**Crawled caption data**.
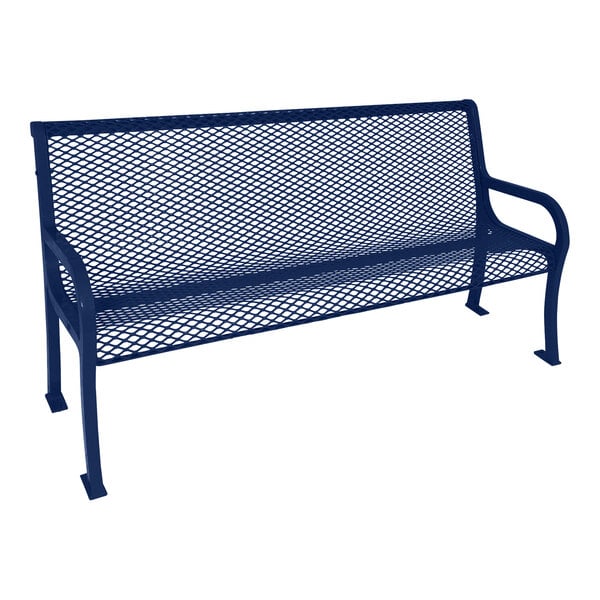 An Ultra Site Lexington blue metal bench with a blue mesh backrest.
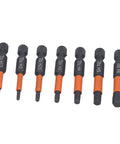 Must Have 7-Piece S2 Alloy Steel Hex Drive Bit Set For Impact Drivers And Electric Drills With Magnetic Tips, Heat Treated Wear Resistant Bits Designed To Stop Breakage And Handle Heavy Duty Work Today, seven bits lined up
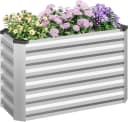 Woltu Hochbeet Pflanzkübel Garten Balkon Stahlblech Silber Bild 2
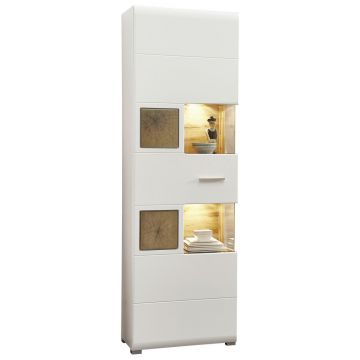 Vitrină in alb, culoare lemn stejar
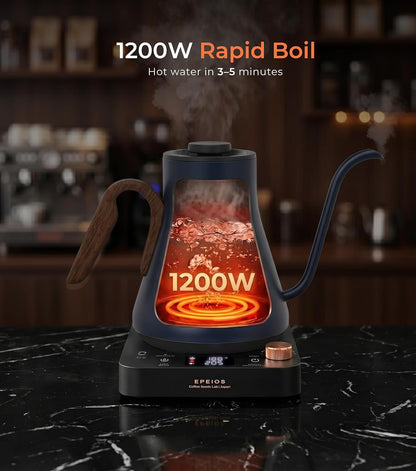 Epeios Electric Kettle, Gooseneck Electric Kettle with ±1°F Temperature Control, 1200W Rapid Heating for Pour Over Coffee & Tea, 304 Stainless Steel Interior, Auto Shut-Off, 0.9L, Black | Rapid Heating, Precision Pour-Over for Coffee & Tea,Smart Hot
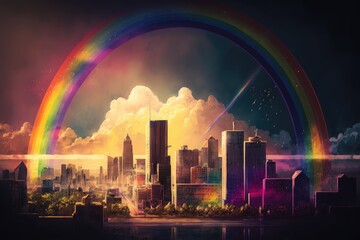 Sticker - city skyline with vibrant rainbow, bringing hope and inspiration, created with generative ai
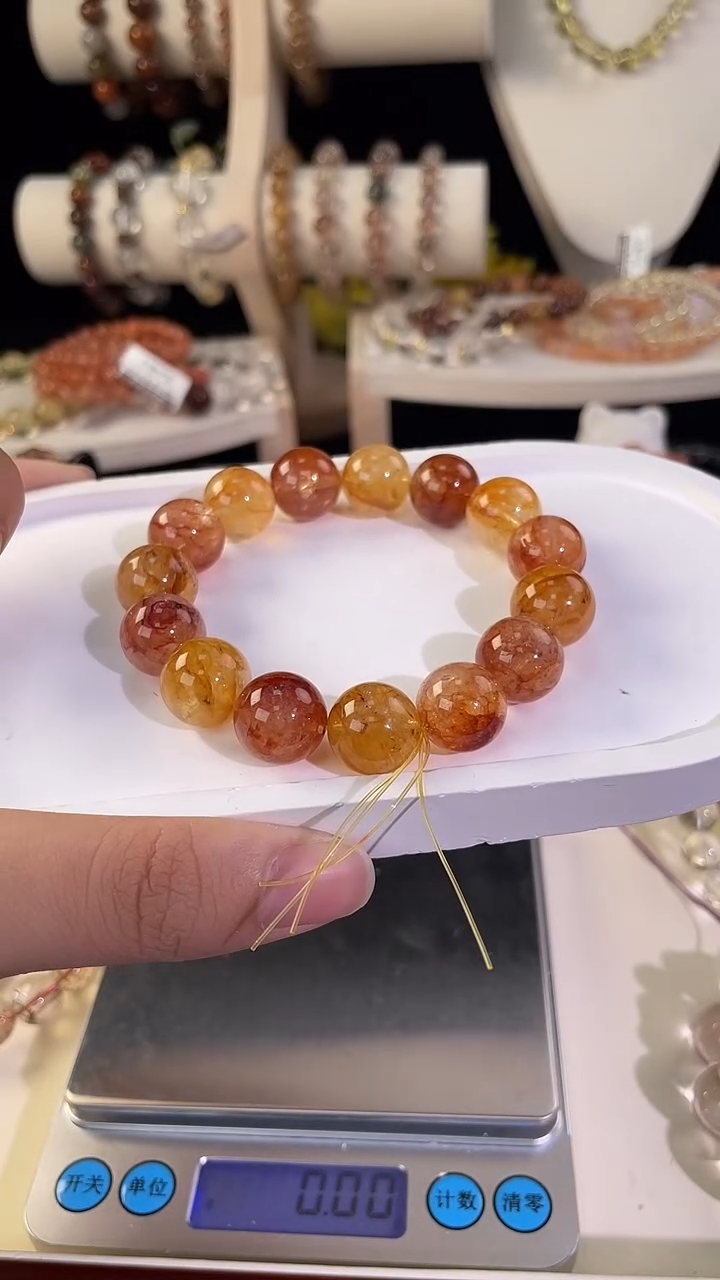 未镶嵌手链水晶黄+红胶花13MM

**Work to complete**. Could you output the lines above exactly, with no pictures included?

**Answer to the problem**.
 An Ultra Site Lexington blue metal bench with a blue mesh backrest.
 Must Have 7-Piece S2 Alloy Steel Hex Drive Bit Set For Impact Drivers And Electric Drills With Magnetic Tips, Heat Treated Wear Resistant Bits Designed To Stop Breakage And Handle Heavy Duty Work Today, seven bits lined up
 Woltu Hochbeet Pflanzkübel Garten Balkon Stahlblech Silber Bild 2
 Vitrină in alb, culoare lemn stejar
 Epeios Electric Kettle, Gooseneck Electric Kettle with ±1°F Temperature Control, 1200W Rapid Heating for Pour Over Coffee & Tea, 304 Stainless Steel Interior, Auto Shut-Off, 0.9L, Black | Rapid Heating, Precision Pour-Over for Coffee & Tea,Smart Hot
 Sticker - city skyline with vibrant rainbow, bringing hope and inspiration, created with generative ai
 未镶嵌手链水晶黄+红胶花13MM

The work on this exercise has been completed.